Discurso no Senado Federal

NECESSIDADE DA MELHORIA DAS CONDIÇÕES DE TRABALHO NO CAMPO, CONCOMITANTEMENTE A IMPLANTAÇÃO DA REFORMA AGRARIA NO BRASIL. ENCONTRO DE TRABALHADORES RURAIS, REALIZADO PELO SINDICATO DOS TRABALHADORES RURAIS DE AGUA BOA/MT, DENOMINADO GRITO DA TERRA BRASIL, QUANDO FOI REDIGIDO UM DOCUMENTO PARA CHAMAR A ATENÇÃO RELATIVAMENTE AO DIFICIL ACESSO AO CREDITO DO PROGRAMA NACIONAL DE AGRICULTURA FAMILIAR - PRONAF.

Autor
Júlio Campos (PFL - Partido da Frente Liberal/MT)
Nome completo: Júlio José de Campos
Casa
Senado Federal
Tipo
Discurso
Resumo por assunto
REFORMA AGRARIA.:
  • NECESSIDADE DA MELHORIA DAS CONDIÇÕES DE TRABALHO NO CAMPO, CONCOMITANTEMENTE A IMPLANTAÇÃO DA REFORMA AGRARIA NO BRASIL. ENCONTRO DE TRABALHADORES RURAIS, REALIZADO PELO SINDICATO DOS TRABALHADORES RURAIS DE AGUA BOA/MT, DENOMINADO GRITO DA TERRA BRASIL, QUANDO FOI REDIGIDO UM DOCUMENTO PARA CHAMAR A ATENÇÃO RELATIVAMENTE AO DIFICIL ACESSO AO CREDITO DO PROGRAMA NACIONAL DE AGRICULTURA FAMILIAR - PRONAF.
Publicação
Publicação no DSF de 07/02/1997 - Página 3962
Assunto
Outros > REFORMA AGRARIA.
Indexação
  • SOLICITAÇÃO, GOVERNO FEDERAL, ATENÇÃO, DOCUMENTO, AUTORIA, SINDICATO RURAL, MUNICIPIO, AGUA BOA (MT), ESTADO DE MATO GROSSO (MT), NECESSIDADE, FACILITAÇÃO, ACESSO, TRABALHADOR RURAL, CREDITO RURAL, Programa Nacional de Fortalecimento da Agricultura Familiar (PRONAF), GARANTIA, ASSENTAMENTO RURAL, REALIZAÇÃO, REFORMA AGRARIA, PAIS.
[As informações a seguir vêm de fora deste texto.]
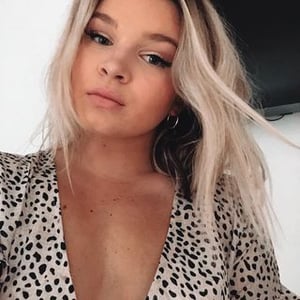 Taylah Taymar Jori Banks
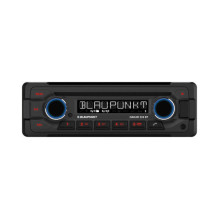 BLAUPUNKT Dakar 224 BT 24V...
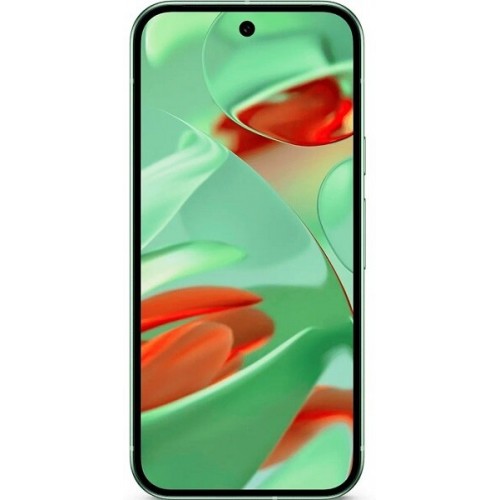 Смартфон Google Pixel 9 12/128GB Winter Green (зимний зеленый) 7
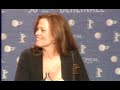Snow Cake - Berlinale Press Conference (Part 1/3) Snow Cake - Berlinale Press Conference (Part 1/3)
                O SR. JÚLIO CAMPOS (PFL-MT) - Sr. Presidente, Srªs e Srs. Senadores, fazer reforma agrária é uma operação complexa. Não basta distribuir terra. É necessário conceder ao agricultor os meios para trabalhar a gleba, efetuar o plantio, garantir a colheita e entrar nos mecanismos de comercialização. Enfim, reforma agrária é o fim de uma política de redistribuição de renda no campo, combinada com a melhoria da produção agrícola. Se o projeto, ou a política, não considerar, cuidadosamente, cada uma dessas etapas, o conjunto pode ser ruinoso e deixar de atender aos objetivos maiores.

                O mundo ocidental está cheio de exemplos de políticas de reforma agrária que não foram bem sucedidas. Em Portugal, logo após a revolução dos cravos vermelhos, em 1974, iniciou-se um movimento de repartição da terra, basicamente no sul daquele país. As glebas foram entregues a agricultores que não dispunham de mecanismos de crédito para plantio, colheita e comercialização. Alguns anos depois, as terras retornaram a seus proprietários originais, porque a agricultura portuguesa sofreu uma violenta e repentina queda tanto na produtividade quanto na produção.

                Na América do Sul, o exemplo mais radical e conhecido ocorreu no Peru, ao tempo do governo Alvarado. Ocorreu a distribuição de terras, mas não aconteceu a criação dos mecanismos financeiros que entregariam aos agricultores os meios para plantar, colher e vender sua produção. De novo, em pouco tempo, as terras retornaram aos antigos proprietários. O país experimentou um momento de escassez de produtos agrícolas, enfrentou enormes dificuldades políticas no campo e restou a sensação de perda de tempo, desperdício de meios e inutilidade de uma política considerada a solução para diversos problemas nacionais.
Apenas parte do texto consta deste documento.